[Stored data]

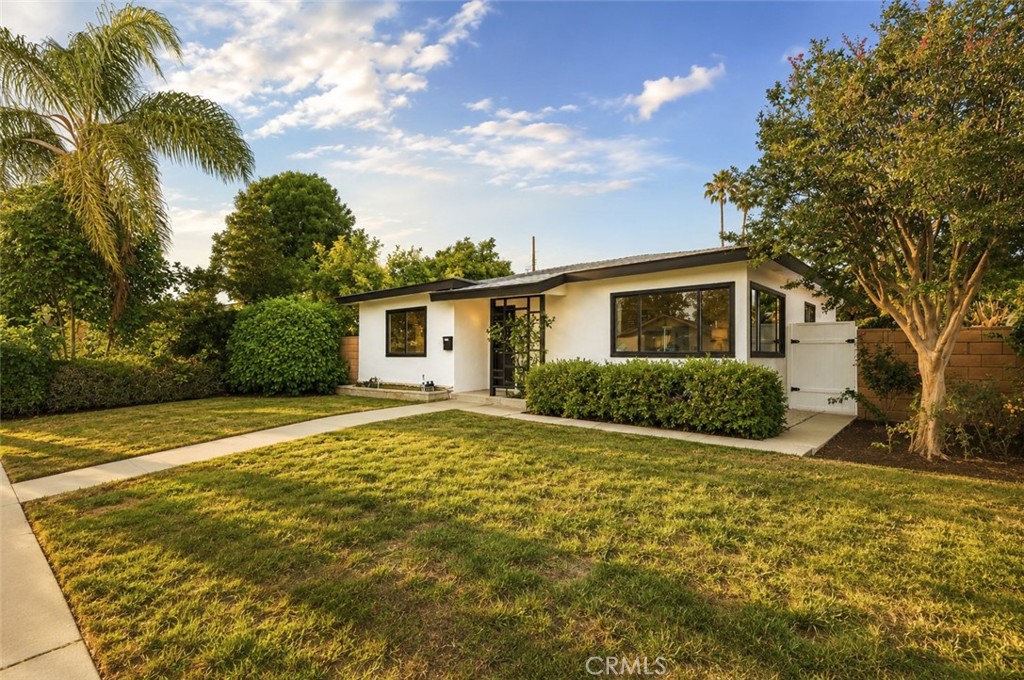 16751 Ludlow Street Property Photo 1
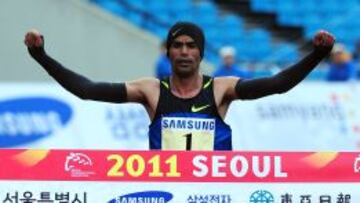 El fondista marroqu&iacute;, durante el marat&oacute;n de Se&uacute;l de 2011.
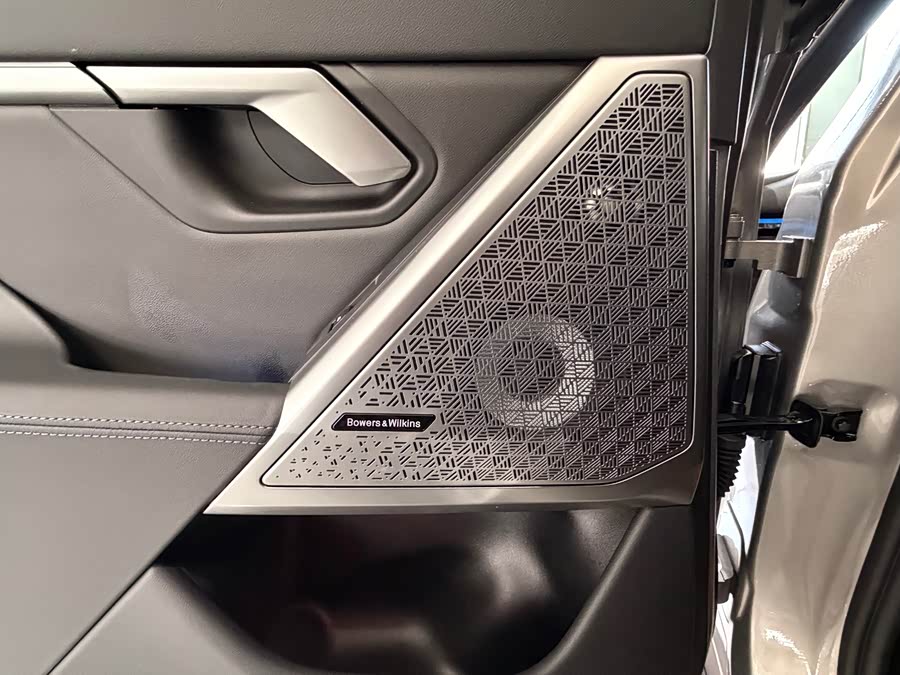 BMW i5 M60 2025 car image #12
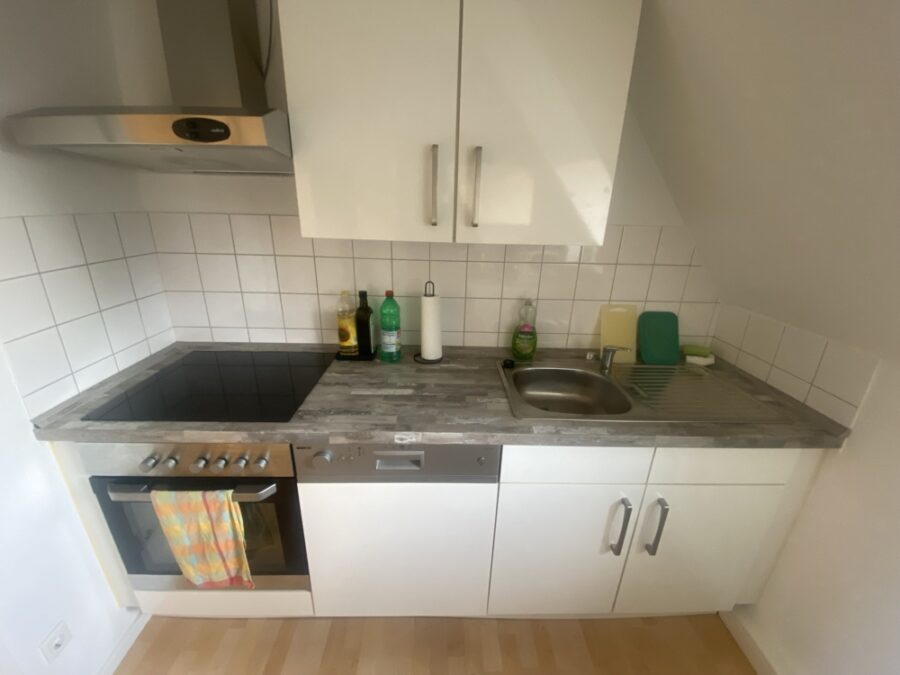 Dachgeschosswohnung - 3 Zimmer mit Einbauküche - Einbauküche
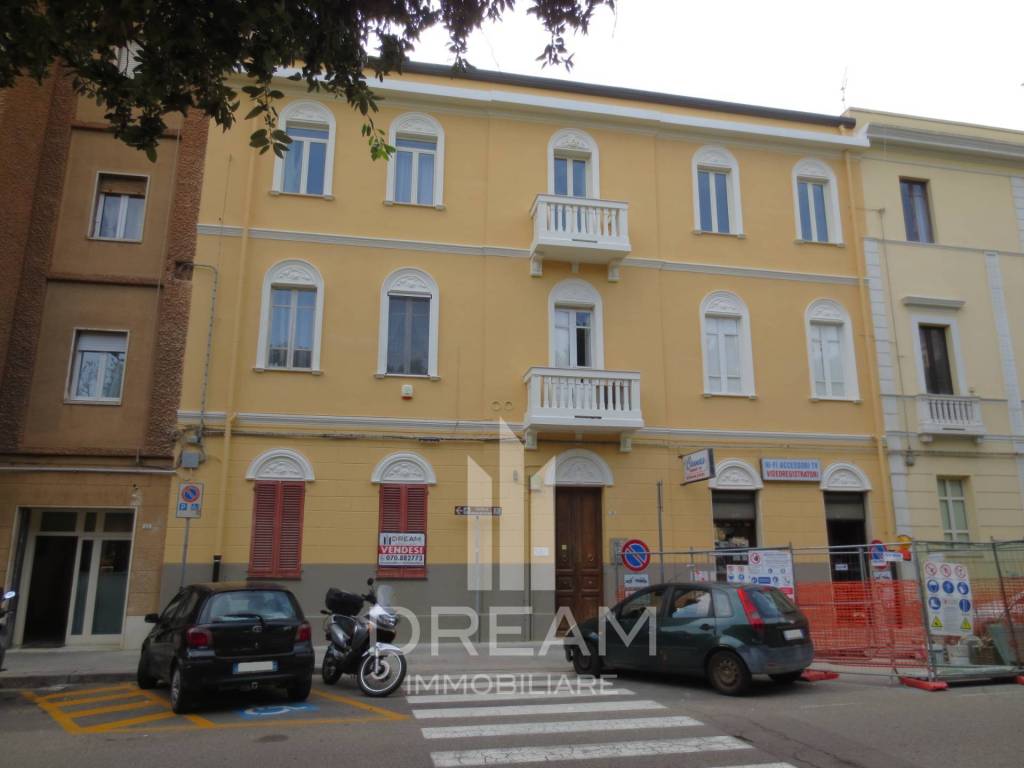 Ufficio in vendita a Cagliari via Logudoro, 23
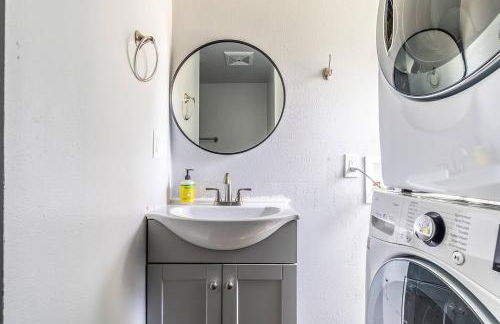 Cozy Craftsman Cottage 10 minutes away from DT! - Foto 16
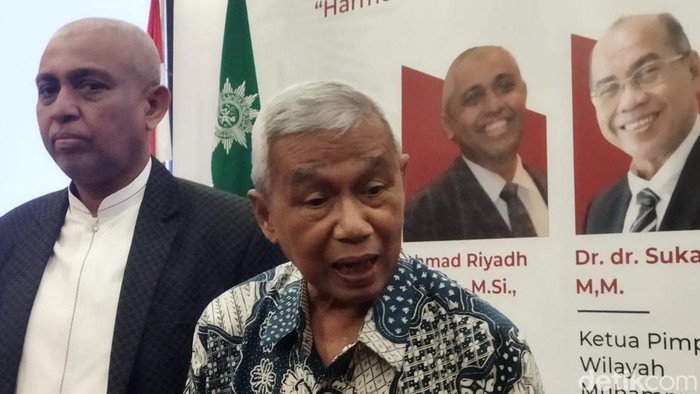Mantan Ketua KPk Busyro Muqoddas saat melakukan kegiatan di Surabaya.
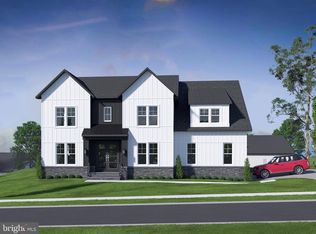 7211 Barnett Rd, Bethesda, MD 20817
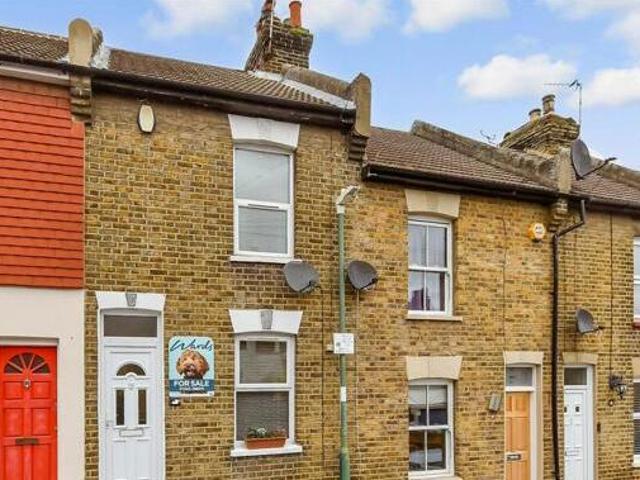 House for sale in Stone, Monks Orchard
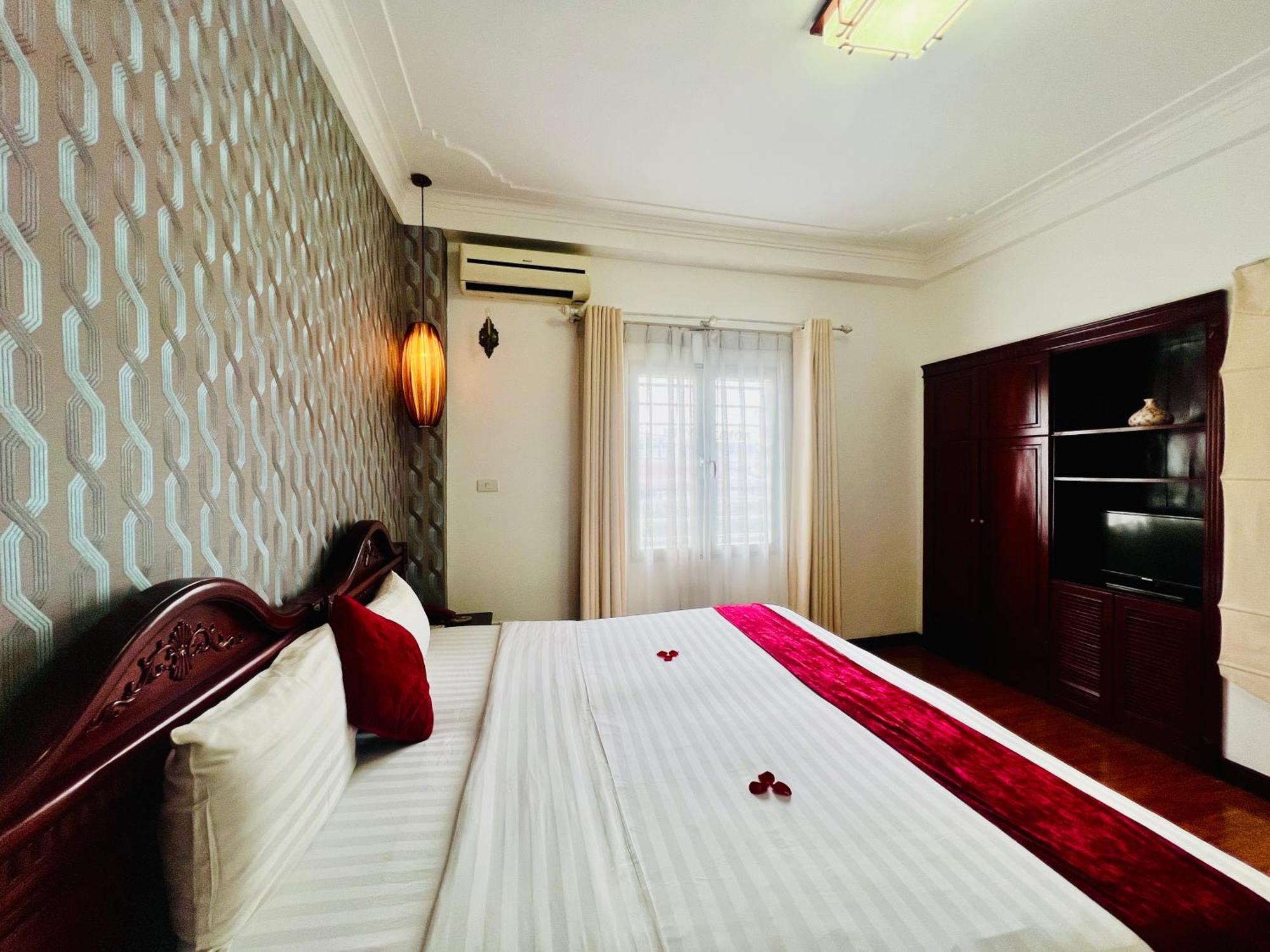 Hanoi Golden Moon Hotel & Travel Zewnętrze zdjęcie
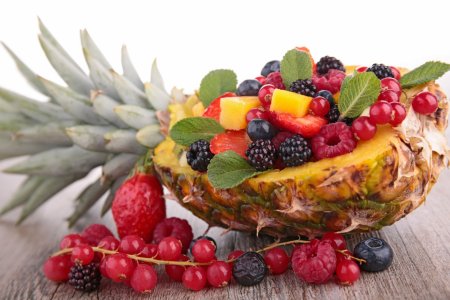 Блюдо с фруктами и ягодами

= Work order =
Repeat all entries exactly, pictures excluded.

= Your solution =
 16751 Ludlow Street Property Photo 1
 El fondista marroqu&iacute;, durante el marat&oacute;n de Se&uacute;l de 2011.
 BMW i5 M60 2025 car image #12
 Dachgeschosswohnung - 3 Zimmer mit Einbauküche - Einbauküche
 Ufficio in vendita a Cagliari via Logudoro, 23
 Cozy Craftsman Cottage 10 minutes away from DT! - Foto 16
Mantan Ketua KPk Busyro Muqoddas saat melakukan kegiatan di Surabaya.
 7211 Barnett Rd, Bethesda, MD 20817
 House for sale in Stone, Monks Orchard
 Hanoi Golden Moon Hotel & Travel Zewnętrze zdjęcie
 Блюдо с фруктами и ягодами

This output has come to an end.